[[ DATA PROVIDED open ]]

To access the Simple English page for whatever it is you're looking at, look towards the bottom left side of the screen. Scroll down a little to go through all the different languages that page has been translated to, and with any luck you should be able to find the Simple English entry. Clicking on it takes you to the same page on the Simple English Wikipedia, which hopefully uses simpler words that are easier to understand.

[[ DATA PROVIDED closed ]]
[[ DATA PROVIDED open ]]

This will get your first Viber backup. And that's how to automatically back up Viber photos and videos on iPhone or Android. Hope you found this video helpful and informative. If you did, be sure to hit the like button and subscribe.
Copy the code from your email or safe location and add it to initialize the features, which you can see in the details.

[[ DATA PROVIDED closed ]]

AIM OF THE TASK: Given the records above, reproduce precisely and only the lines between the line holding "This will get" and the line holding "Copy the code", inclusive.

TASK RESULT:
This will get your first Viber backup. And that's how to automatically back up Viber photos and videos on iPhone or Android. Hope you found this video helpful and informative. If you did, be sure to hit the like button and subscribe.
Copy the code from your email or safe location and add it to initialize the features, which you can see in the details.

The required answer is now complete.